* [What needs to be done]:
Give the data below again exactly as written, without its pictures.

* [Dataset content]:
^^^^
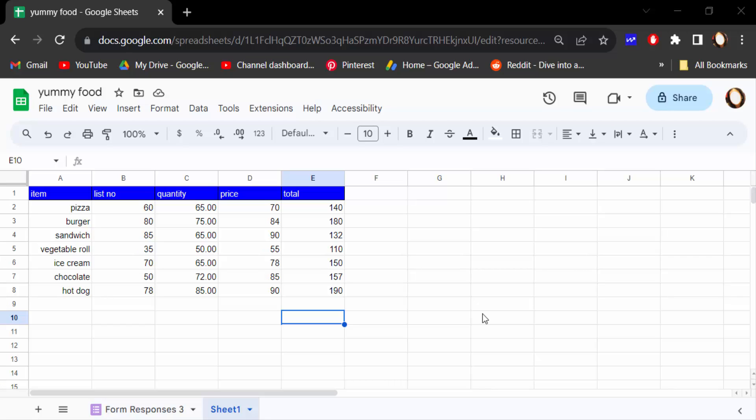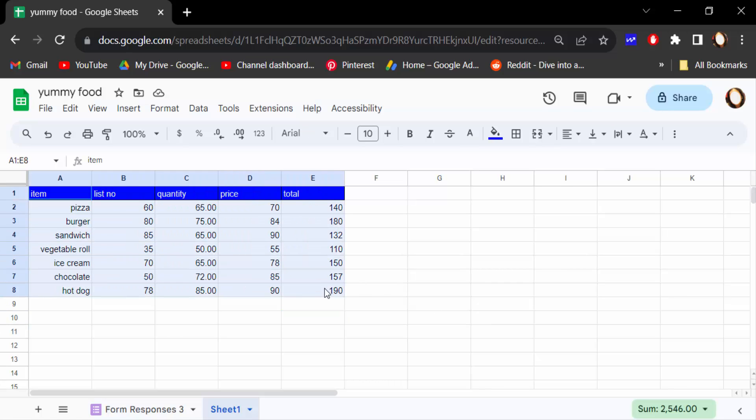Hello everyone, assalamualaikum. In this tutorial today I'll present you how to create a line graph with multiple lines in Google Sheets document. So let's get started. I open this Google Sheet document and this is my table I created.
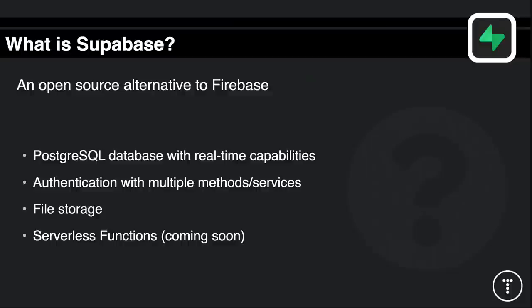So what is Supabase? It is defined as an open source alternative to Firebase. Firebase is basically a back-end as a service - you get real-time databases, authentication, file storage and so on. The thing with Firebase is, as much as I love it, you have vendor lock-in because Firebase is owned by Google. So when you create an application with Firebase you're essentially tied to Google, and if they decide to stop the Firebase project your application is pretty much screwed. Supabase offers an open source alternative with real-time databases, authentication with multiple service providers, file storage, and serverless functions which are coming soon.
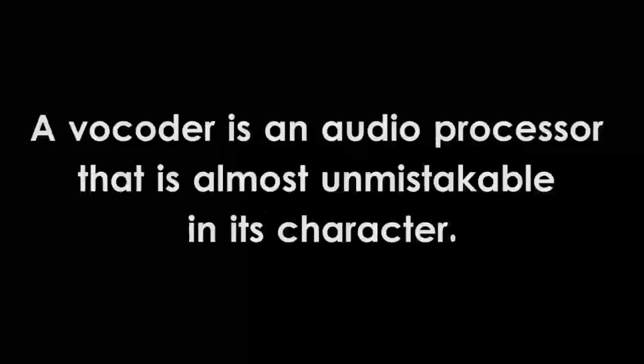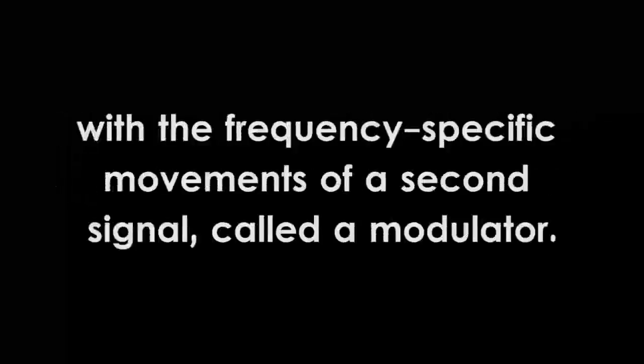A vocoder is an audio processor that is almost unmistakable in its character. It is used to combine the tonal qualities of one sound source, called a carrier, with the frequency-specific movements of a second signal, called a modulator.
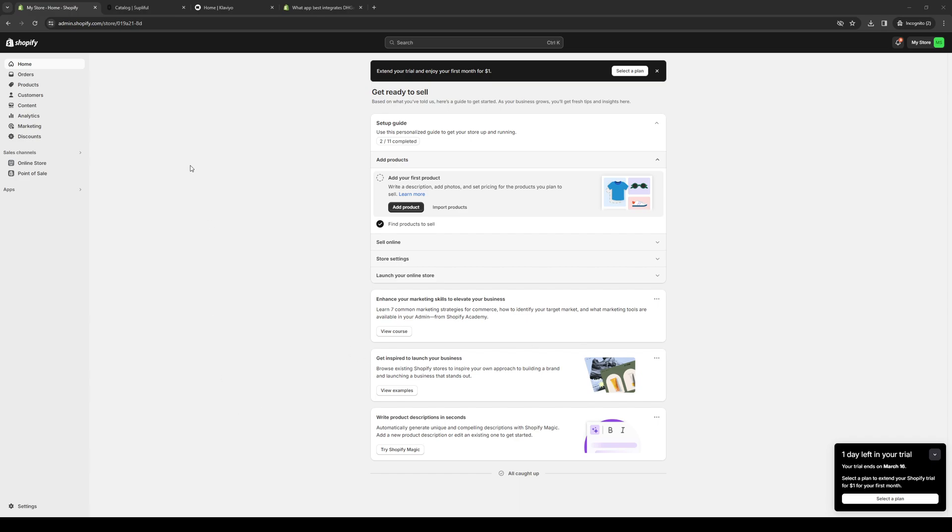Hey everyone, and welcome back to the channel. So in today's video, I'll be teaching you guys how to connect the UPS plugin or tool over to your Shopify store. So without further ado, let's dive right in.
^^^^
* [Exercise response]:
Hello everyone, assalamualaikum. In this tutorial today I'll present you how to create a line graph with multiple lines in Google Sheets document. So let's get started. I open this Google Sheet document and this is my table I created.
So what is Supabase? It is defined as an open source alternative to Firebase. Firebase is basically a back-end as a service - you get real-time databases, authentication, file storage and so on. The thing with Firebase is, as much as I love it, you have vendor lock-in because Firebase is owned by Google. So when you create an application with Firebase you're essentially tied to Google, and if they decide to stop the Firebase project your application is pretty much screwed. Supabase offers an open source alternative with real-time databases, authentication with multiple service providers, file storage, and serverless functions which are coming soon.
A vocoder is an audio processor that is almost unmistakable in its character. It is used to combine the tonal qualities of one sound source, called a carrier, with the frequency-specific movements of a second signal, called a modulator.
Hey everyone, and welcome back to the channel. So in today's video, I'll be teaching you guys how to connect the UPS plugin or tool over to your Shopify store. So without further ado, let's dive right in.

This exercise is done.